Audit Trail
DesireCore records key operations during agent execution and turns them into audit records, also called action receipts. They let you review what the agent did, why it did it, which tools were called, where data went, and what failed.
What Is Recorded
Any run that involves tool calls, external requests, data writes, background execution, or approval decisions can generate activity records. Common records include:
- tool calls and parameter summaries
- file reads, writes, edits, and work directory changes
- Shell and PowerShell command execution
- MCP, mail, repository, and other external service interactions
- AI model requests, response status, token usage, and latency
- approval requests and decisions
- scheduled task, heartbeat, and workflow results
- background service errors and tool failures
Plain chat without tool calls or external requests usually does not generate a full execution receipt.
Activity Panel
Open Activity to view audit records:
| Area | Description |
|---|---|
| Execution Records | Agent tasks, tool calls, receipts, and artifacts |
| API Audit | Model and external API requests, status, latency, and usage |
| Error Logs | Background service, tool, model, and connector errors |
List items usually show operation time, summary, tool-call count, file-change count, risk level, and status. Click an item to inspect details such as time, provider, status, latency, token usage, or error reason.
Receipts
Each receipt is a snapshot of an execution process. It can include:
| Field | Description |
|---|---|
| Task Goal | Human-readable task description |
| Execution Plan | Steps planned by the agent |
| Tool-Call Chain | Tools called, parameter summary, result, and duration |
| Outputs and Changes | Generated files, diffs, messages, or workflow results |
| Risks and Approvals | Whether confirmation was required, approval result, and follow-up items |
| Errors | Failure location, error type, and readable reason |
For file writes and edits, receipts try to link change summaries or diffs. For commands, they record command text, working directory, exit status, and important output. For external sends, they record the target and operation summary so you can confirm data flow.
API Audit
API audit tracks model and third-party service requests so you can understand where data was sent, whether requests succeeded, and how much resource was used.

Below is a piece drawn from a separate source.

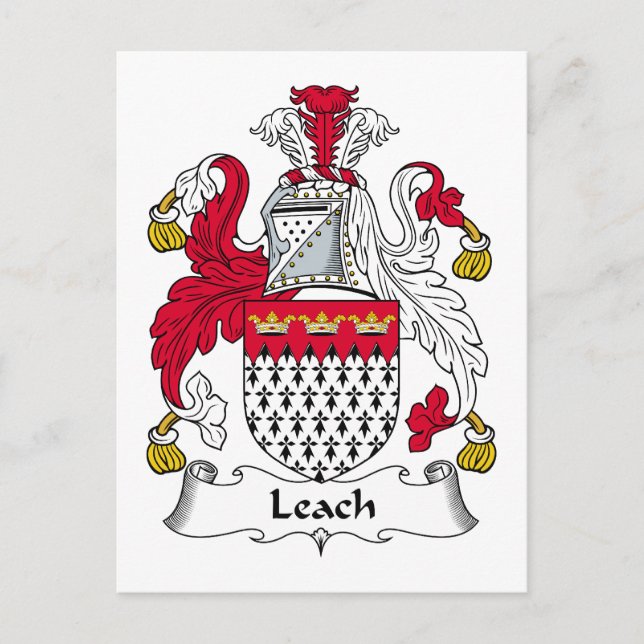Leach Family Crest Vykort (Framsida)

API audit usually includes:
- request time, provider, and model
- status code, latency, and failure reason
- token or usage metrics
- success rate and average latency summaries
- target service for external APIs or connectors
Use it to investigate model errors, network timeouts, provider rate limits, insufficient key permissions, and unexpected usage.
Error Logs
Error logs centralize system failures. You can filter by level, page through history, and use the message to jump back to related context. Common sources include model provider errors, failed tools, MCP connection failures, mail or repository integration errors, media proxy issues, and background service startup or port problems.
Exporting Audit Records
Audit logs can be exported as an independent category or included in a full backup.
Common flow:
- Open Activity or Settings -> Data and Privacy
- Choose audit-log export, or include the audit category in a full backup
- Select a save location
- Wait for export to complete
Exports are useful for compliance, incident review, sharing troubleshooting material, and preserving execution history during device migration.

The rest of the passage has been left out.